Никогда прежде у меня не случалось подобной ночи! Я был пьян и не владел собой, потому страсти, обычно жестоко сдерживаемые, вырвались из плена. Милет оказался божественно бесстыден и горяч, как молодой конь. Я ненавидел всех, кто прежде любил моего Милета, и с наслаждением пожинал плоды их уроков, преподанных страстному сыну Аполлона.

Юноша оставил мое ложе лишь на рассвете. Помнится, я, приложив к его груди массивное золотое ожерелье, прошептал:

– Будет чем скрыть следы моих зубов.

И снова припал губами к его шее, укусил нежную кожу, слизнул соленую кровь. Он ничуть не испугался боли, только лениво улыбнулся:

– Ты не думаешь, что льняной панцирь больше подойдет, чтобы прятать следы твоих ласк?

И погладил свой ладный, атлетический торс, без особого смущения оглядывая черные кровоподтеки и ссадины на гладкой, золотисто-смуглой коже.

– Панцирь? – не понял я.

– Я вчера обещал одному бешеному царевичу идти с ним. Разве он не отправляется на войну?

Вот уж чего я не ждал от Милета. Восхищенный его словами, я склонил перед ним голову.

Инпу поскреб задней лапой за ухом. Насколько я знал, у него это означает сомнение.

– Я был искренен, – пробормотал я.

– Знаю. Но искренность – не всегда правда, Минос, – вздохнул шакал. – Ладно.
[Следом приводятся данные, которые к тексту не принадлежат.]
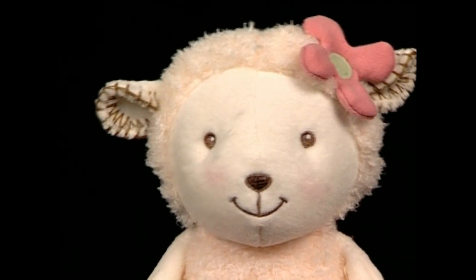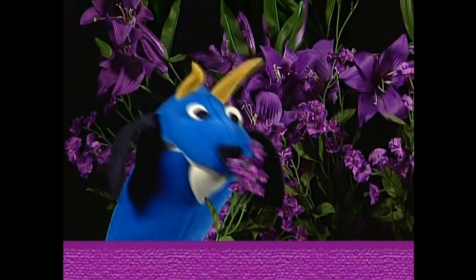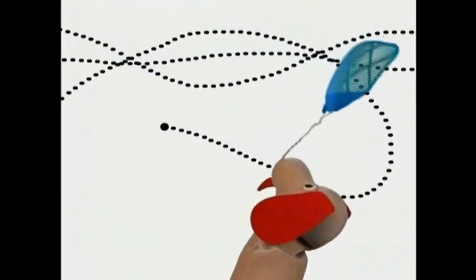TEMPERATURE 82 DEGREES. pH BALANCE NORMAL. Oooooooh. Nice. Curse you, Aquascum!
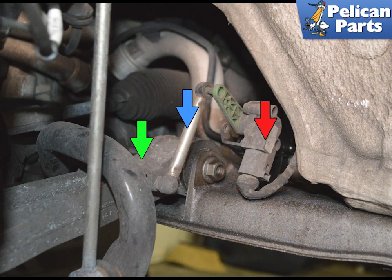The front self-leveling headlight sensor, indicated by the Red Arrow, is located in the driver's or left-side front wheel well. The sensor is connected to the bracket on the subframe. It is attached to a gimbal on the sensor, then to a gimbal on the lower control arm, indicated by the Green Arrow, by a plastic arm, indicated by the Blue Arrow.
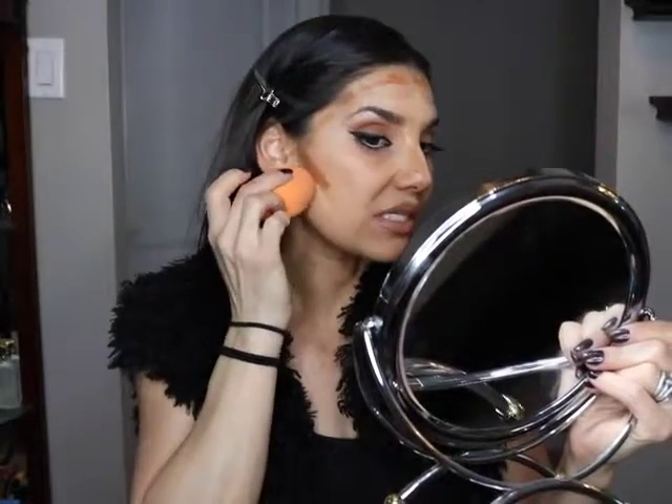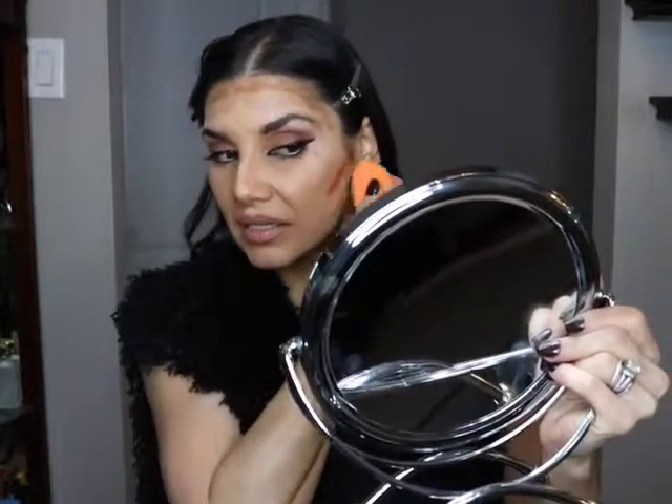Now I'm going to blend it in. I love my Real Technique blending sponge. You can either wet it in your sink and squeeze it out — just a damp beauty blender — or you can wet it with your setting spray just to dampen it a little bit. I start with the light side first and just tap it in. This product is so easy to blend — it's thick but not too thick. I wouldn't put it underneath my eyes because I think it would be too thick.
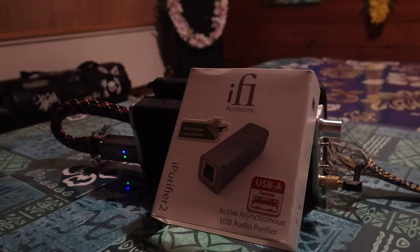This is an impressions review of the iFi iPurifier 2. It's like an audio cleaner. USB cables are prone to EMI, RFI, and signal interference, and it seems like something that wouldn't really make much of a difference.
Так что мешает Миносу просто наслаждаться ласками этого замечательного своей красотой и сладостным искусством юноши? Чем отличен он от Дивуносойо, сына Персефоны, и Нергал-иддина?
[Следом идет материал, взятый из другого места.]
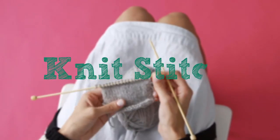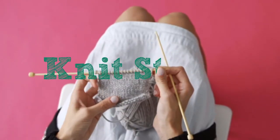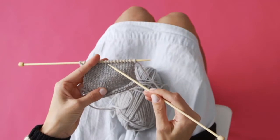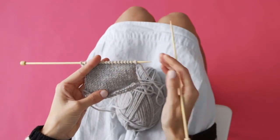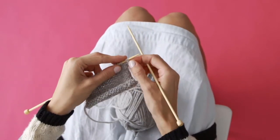Today we're going to do the knit stitch. It's a V-shaped stitch. You're going to be holding the cast-on needles in your left hand, or your right hand if you're left-handed. This is the front of the loop, and that's the back.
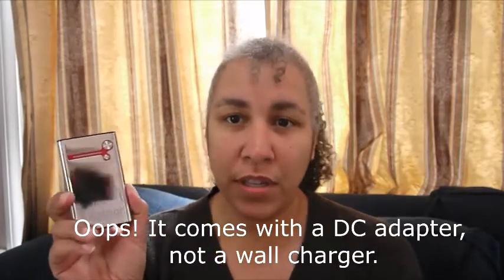The Juice Bar comes with a variety of charging cables. You can use your own because it's got a traditional USB port and it charges itself using a mini USB. It comes with a USB cable, a micro USB cable, a mini USB cable, a Nintendo 3DS, Sony PSP, and a wall charger as well.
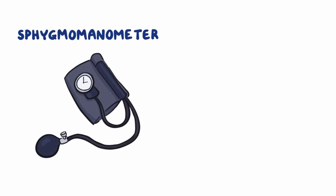To assess blood pressure, you'll need a blood pressure gauge, or a sphygmomanometer, and a stethoscope.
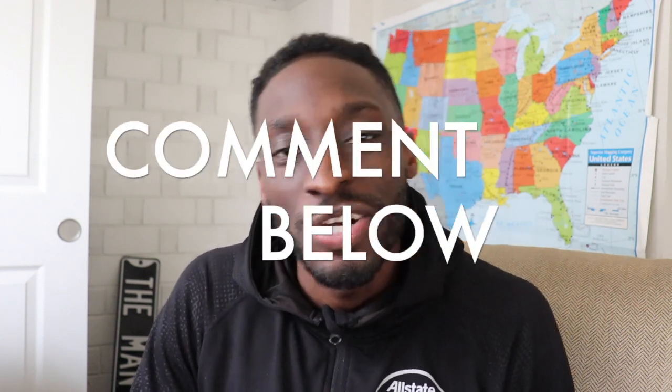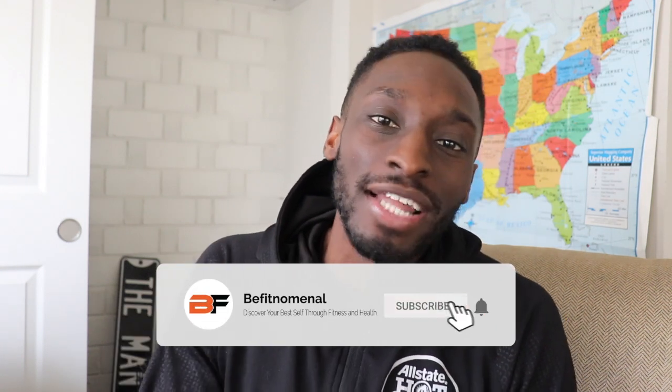These are some great exercises you can do. If you liked this video, comment below — let me know what you thought and what videos you want me to make. This is Quan from Be Phenomenal. I hope you discover your best self through fitness and health. We post new videos every Wednesday and Friday, so make sure you subscribe, like, and share. See y'all in the next one — peace.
– Не знаю, – пробормотал я. – Но мы – чужие.

Передернул плечами. Осознать это мне было неприятно.

– Ты ещё не утомился? – заботливо осведомился божественный шакал. – Что-то ты помрачнел.

– Воспоминания, разбуженные тобой, болезненны. Но как пчела собирает мёд с цветов, так и я тороплюсь прикоснуться к твоей мудрости. Не утомлен ли ты болтовнёй смертного, мой божественный собеседник?

Инпу покачал головой:

– Утомляет скука. Ты не похож на египтянина, и потому взвешивать твое сердце – интересно.

– Чем же я отличен от жителей Та-Кемет? – удивился я.

– Ну, хотя бы тем, что начал разговор со своим сердцем с вопроса, кого оно любит. И пока ни разу не упомянул женщину!

Дексифея. (Кносс. За девять лет до воцарения Миноса, сына Зевса. Созвездие Стрельца)

Я рассмеялся, смущенно прикрыв лицо ладонями.

– Женщины вообще недолго задерживаются подле меня. Ну, если это не союз ради власти, как с Парией или Пасифаей.

– Ты сошелся бы с ними ради царства, будь они отвратительны, как Таурт и Эмпуса? – ехидно заметил Инпу.

– Ну, по счастью они обе молоды и красивы, – я пожал плечами. – Нет, конечно, я привязан к Парии. Но иначе, чем к Дивуносойо или Итти-Нергалу. И я почти уверен, что не женился бы на Пасифае, не стань она Верховной жрицей Бритомартис.

– Почему?

– Я могу её уважать, почитать, считаться с ней. Но любить? – меня передернуло, будто я коснулся змеи. Инпу многозначительно улыбнулся и опять поскреб за ухом.

– Зло, что я причинил ей, стоит между нами!

– Пасифая смотрит на случившееся иначе, – заметил Инпу.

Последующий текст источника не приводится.